On 28 October, the day preceding the Republic Day main event, the average Z-score rises from -0.2 to 2.13, indicating a positive deviation from baseline conditions and marking the start of increased activity. On the main event day, 29 October (Republic Day), the average Z-score is 4.05, indicating an extreme positive anomaly due to increased activity relative to normal conditions. This peak is markedly higher than all other fluctuations observed in the time series.
On the day following the event, Z-scores remain elevated, likely reflecting continued celebrations extending past midnight and into the following day. After 31 October, the Z-score rapidly declines, returning to values close to zero.
This quick recovery toward typical mobility patterns suggests that the observed temporary disruption is closely associated with the Republic Day event.
Figure 5. Time series of the average Z-score of the Urban Space Usage Index across hexagons in Istanbul, with shaded area representing the interquartile range. Horizontal dashed lines indicate anomaly thresholds. The highlighted band marks the Republic Day period (28-29 October), during which activity reaches extreme positive deviations.
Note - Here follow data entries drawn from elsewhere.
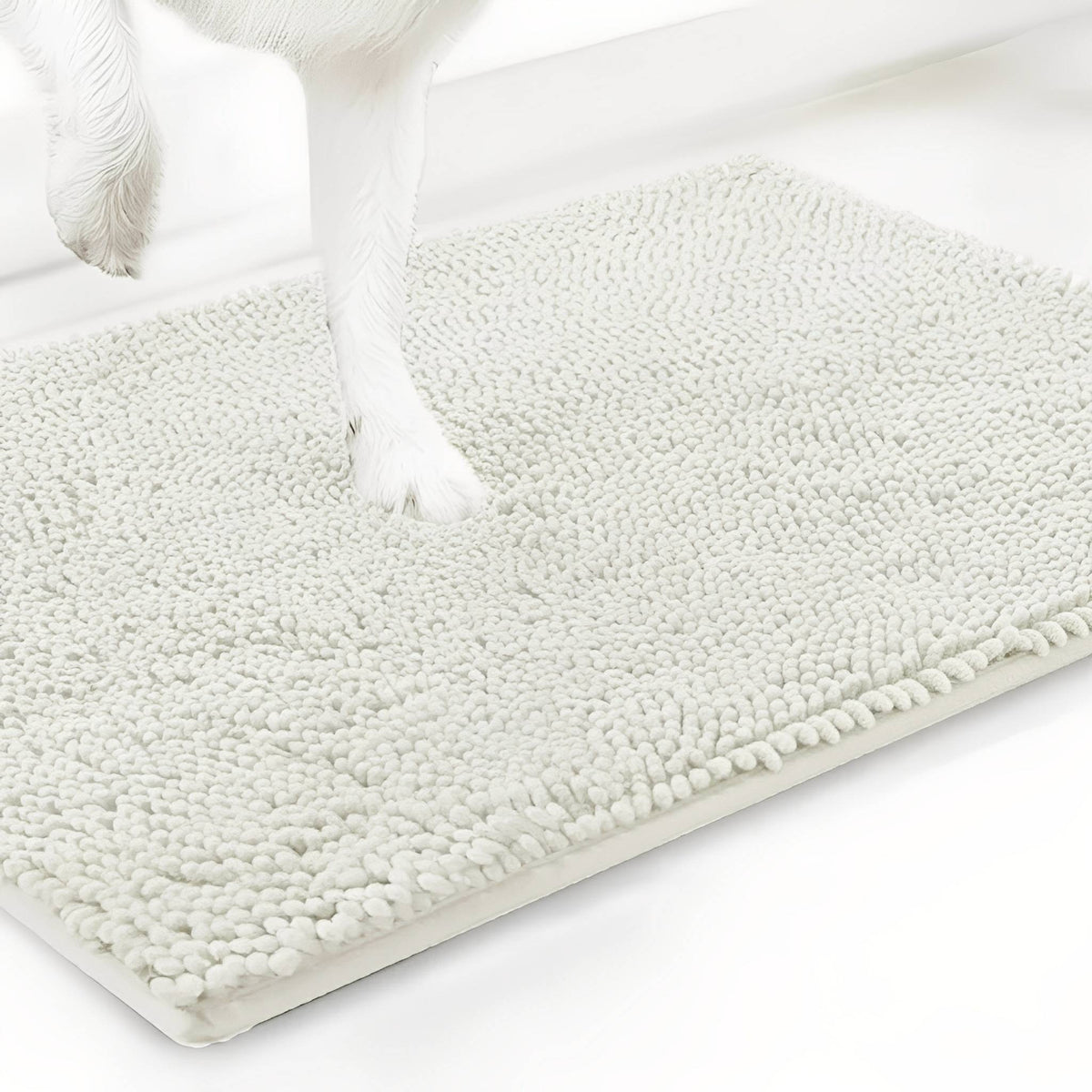 Absorbent non-slip dog door mat for muddy paws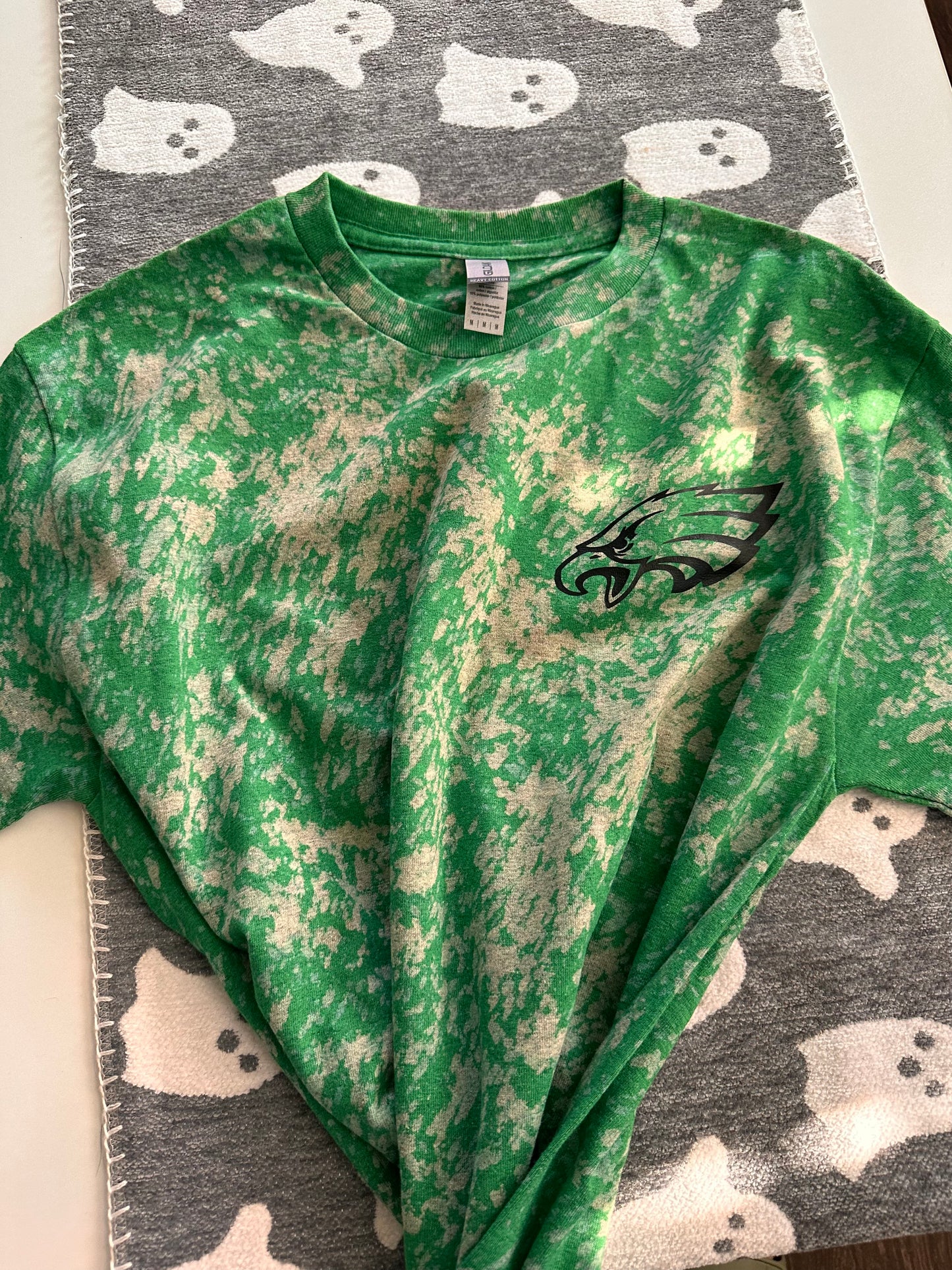 Sundays are for the birds front/back hand dyed T-shirt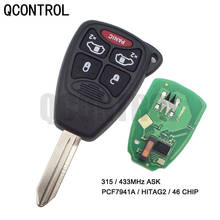 QCONTROL 4+1 BT Car Key Vehicle Remote for Chrysler Town & Country Aspen 200 300 PT Cruiser Sebring Pacifica 433MHz ID46 Chip 2024 - buy cheap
3.3 Spatial distribution of anomalies#
The map in Figure 6 illustrates the spatial distribution of Z-scores across hexagonal cells on 29 October (Republic Day). It shows that the increase in activity is not confined to specific locations but is instead widely distributed across the metropolitan area of Istanbul, including airport areas and major road infrastructure. This pattern confirms that the anomaly is spatially diffuse, affecting both central areas and peripheral zones.
Figure 6. Map of the Z-score of the Urban Space Usage Index across H3 hexagonal cells in Istanbul on 29 October 2023. Warmer colors indicate higher-than-expected activity, showing a widespread increase across the metropolitan area.
We further examine the evolution of Z-scores over the entire observation period. During the baseline phase, Z-scores remain close to zero. On Republic Day, the map becomes uniformly dominated by high values. Following the event, Z-scores rapidly decline, returning to baseline levels consistent with typical mobility patterns (Figure 7).